The answer is the same each time – because she is legally entitled to it and you can’t punish a spouse for “having contributed to the growth of the community property by not receiving spousal support.” Good words, right? They are not mine. They actually belong to Justice Yegan of the 2nd District, Division six of the California Court of Appeal.
The appellate case, which is still good law in California, is In Re Marriage of Martin. We will skip the citation for now since it probably doesn’t matter all that much to you. What does matter is the argument the opposing lawyer tried to make in my case has already been made and failed.

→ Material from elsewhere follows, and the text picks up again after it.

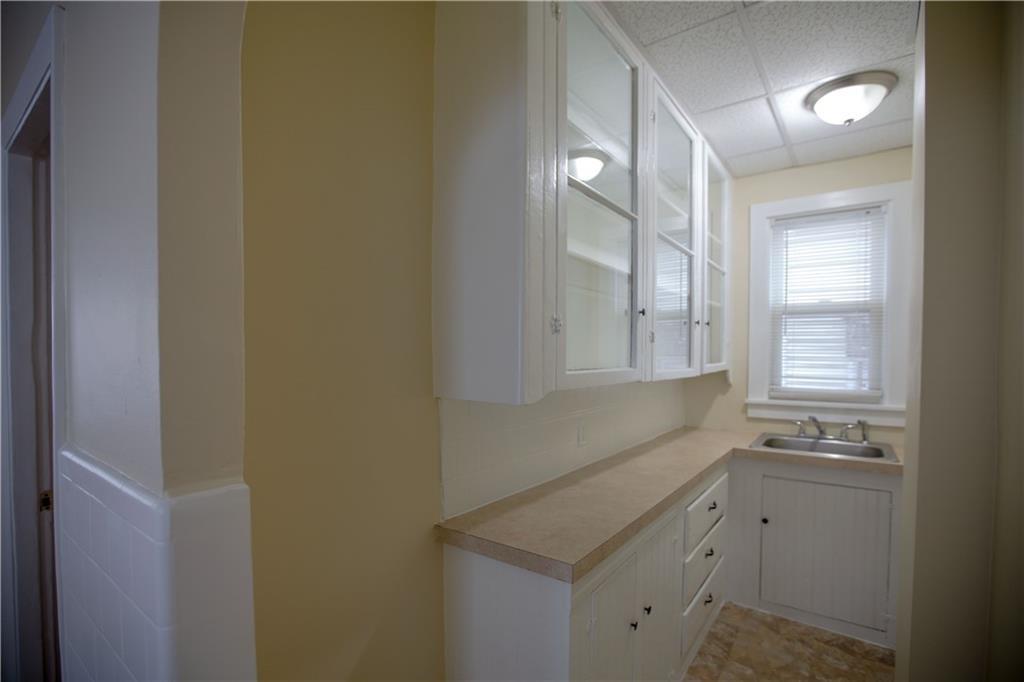 98 Penn Street Property Photo 17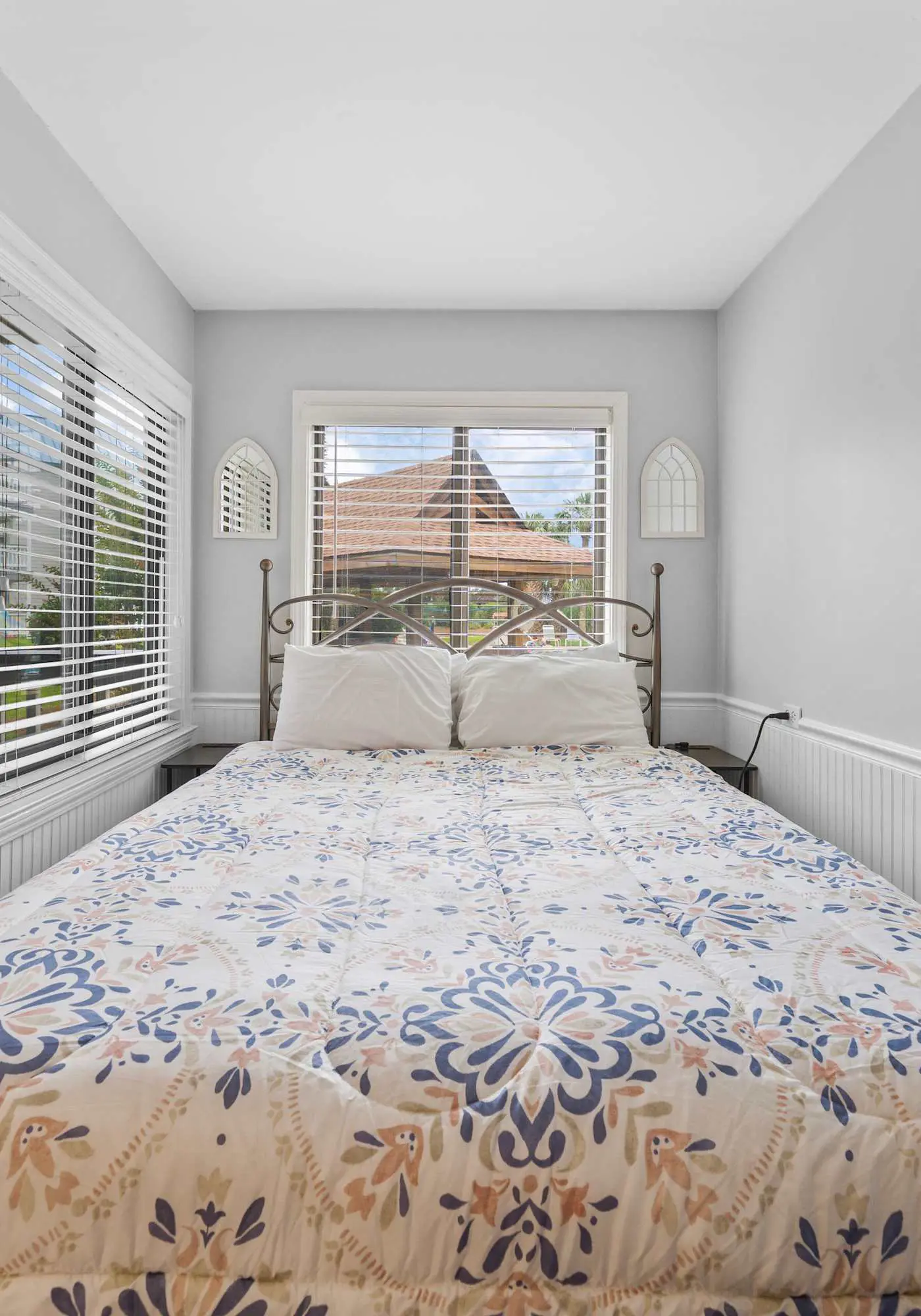 Modern studio with pools, sports courts, a gym & easy beach access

Back in 1991, Dominic M. Martin’s lawyers made this same argument to the Court. He claimed that he could not afford and should not have to pay his wife spousal support on top of the buy-out she received. What Mr. Martin didn’t understand and the appellate court explained to him is that a spouse cannot finance a buy-out of community property and then claim an inability to pay spousal support. In other words, you can’t pay your wife with her own money and then claim she shouldn’t get alimony.
Is this a fair result? Yes, but that doesn’t mean it is the right result in every case. There are cases where the buyout is so significant that spousal support does become unnecessary and can be “reserved” (although not terminated). However, we don’t see that too often in a long term marriage (a marriage of 10 years or more) and especially one where the supported spouse has little to no income.